TV

CBS Axes Stephen Colbert's Show, Banks on $15 Million Profit

CBS Axes Stephen Colbert's Show, Banks on $15 Million Profit
Image credit: Legion-Media

Stephen Colbert out, $15 million profit plan in: CBS makes a hard pivot as ratings sink after his Late Show exit.

Well, that was a twist. CBS just closed the book on Stephen Colbert’s run at The Late Show and, instead of doing the usual sentimental network goodbye tour, they’re calling the whole thing a savvy money move.

The goodbye on air

Colbert’s final episode went full farewell mode. He opened with a sincere monologue thanking his staff and crew, and looked back on 11 years of sharp-edged political comedy. Then came a parade of familiar faces from past episodes — including a few of the folks he’s skewered over the years — popping in for surprise cameos. The room stood for him at the end, a proper ovation for a run that really did feel like the end of an era.

What CBS says the math looks like

Here’s where it gets eyebrow-raising. CBS isn’t pitching this as a creative reset so much as a spreadsheet decision. The network says The Late Show had turned into a costly problem, and they’re replacing it with a time-buy deal from Byron Allen — essentially letting an outside company pay for the hour and program it.

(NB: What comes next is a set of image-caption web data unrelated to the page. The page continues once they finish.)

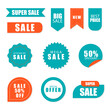 © meranda - Sale round banner set, circle special offer tag collection. Hot deal 50% off badge template, this weekend only sale icon.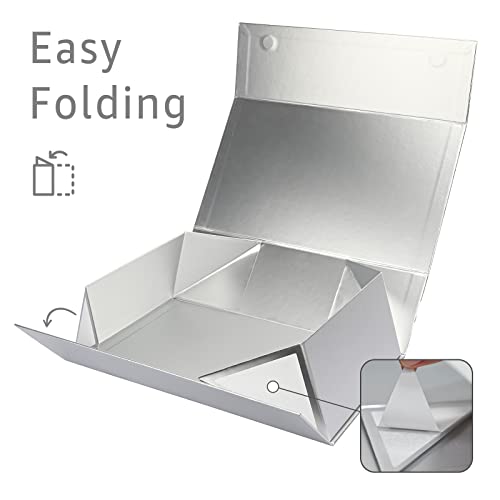 Image of LIFELUM Large Gift Boxes with Lids, 2 Pack 13.8 x 8.3 x 4.4 inch Silver Gift Boxes with Ribbon, Card, Shredded Paper Filler for Presents, Graduation, Christmas, Birthdays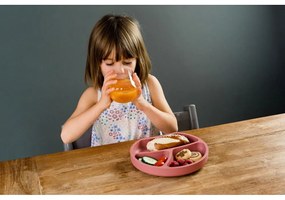 Farfurie pentru copii cărămizie din silicon 19x20,5 cm Dusky Pink – Kindsgut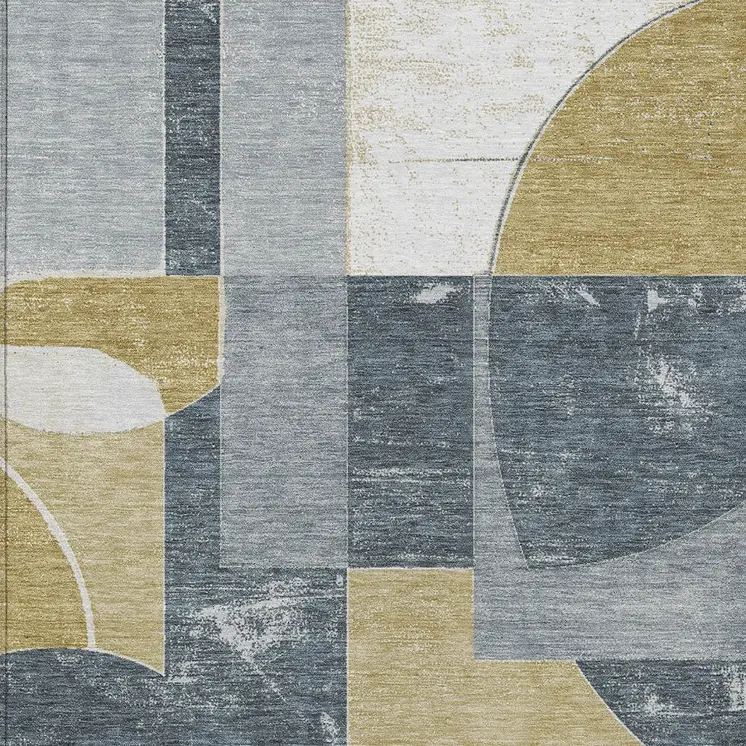 8' X 10' Gray And Gold Geometric Washable Indoor Outdoor Area Rug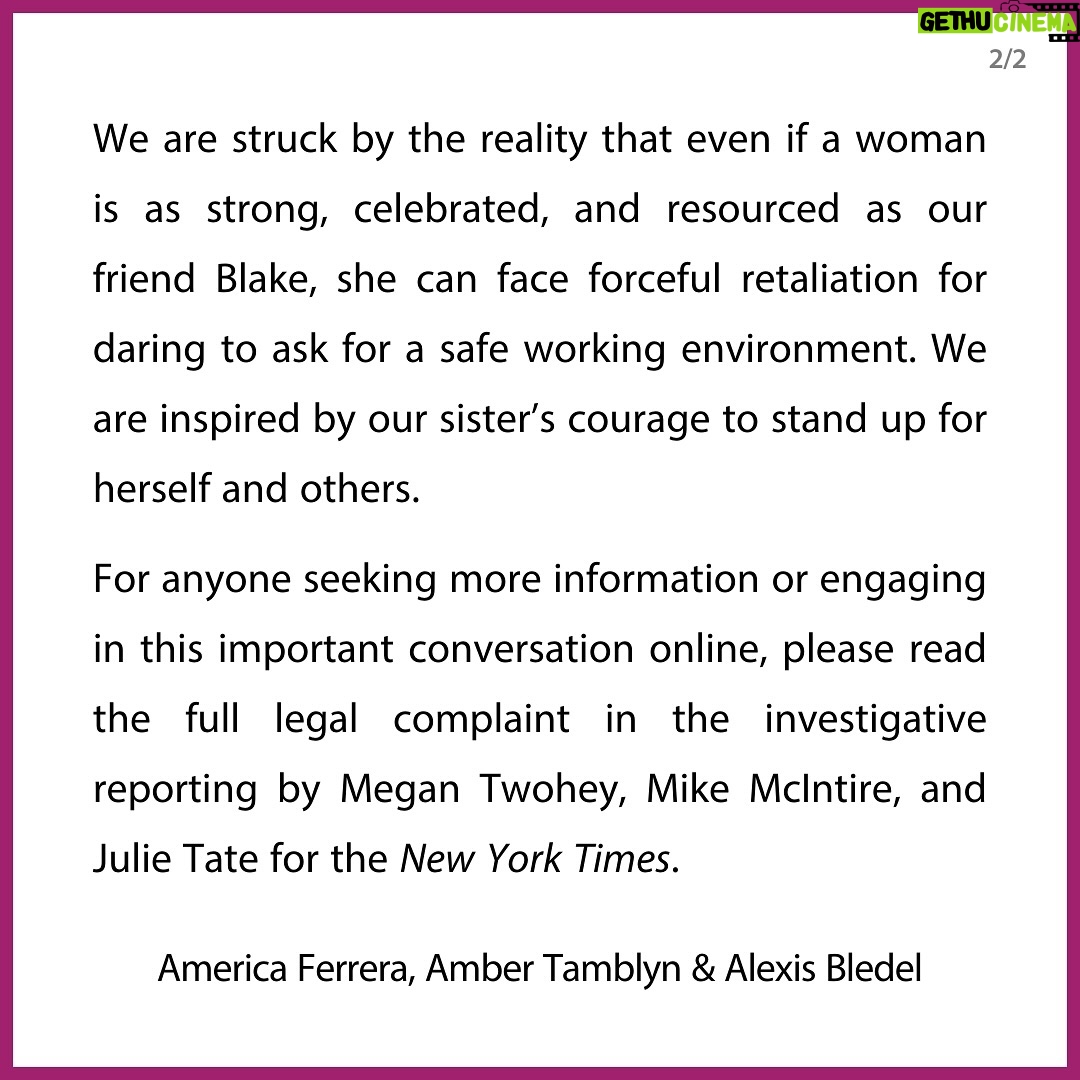 Amber Tamblyn - 170.4K Likes - In support of our sister, Blake.
❤️ America, Amber and Alexis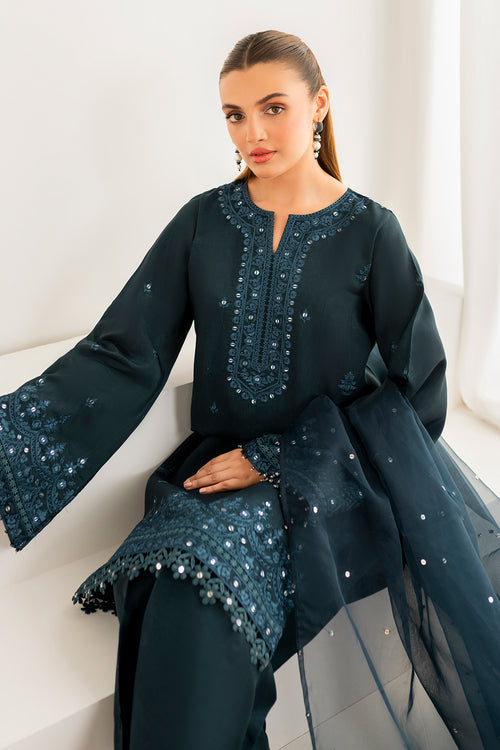 Baroque | Velvet Formals | SILK UF-696 XL Dark Teal Blue Korean Raw Silk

The pitch: swap a money-losing slot for a guaranteed profit.

  • CBS claims the late-night hour tied to The Late Show was running a roughly $40 million annual deficit.
  • With the Byron Allen time-buy arrangement, the network says that same hour flips to a $15 million profit.
  • The network is framing the cancellation as a calculated financial pivot, not a commentary on the show’s creative health.

That’s a dramatic swing on paper, and CBS is clearly proud of the maneuver — they’ve been doubling down on the idea that this is purely business, not personal. Whether you buy that completely probably depends on how you feel about networks outsourcing late night to third parties. It’s a very industry-niche kind of move, but the short version is: someone else foots the bill, CBS books a profit, and you get a different kind of show in that slot.

Bottom line: Colbert got a warm, classy send-off on camera. Off camera, CBS is already counting the cash.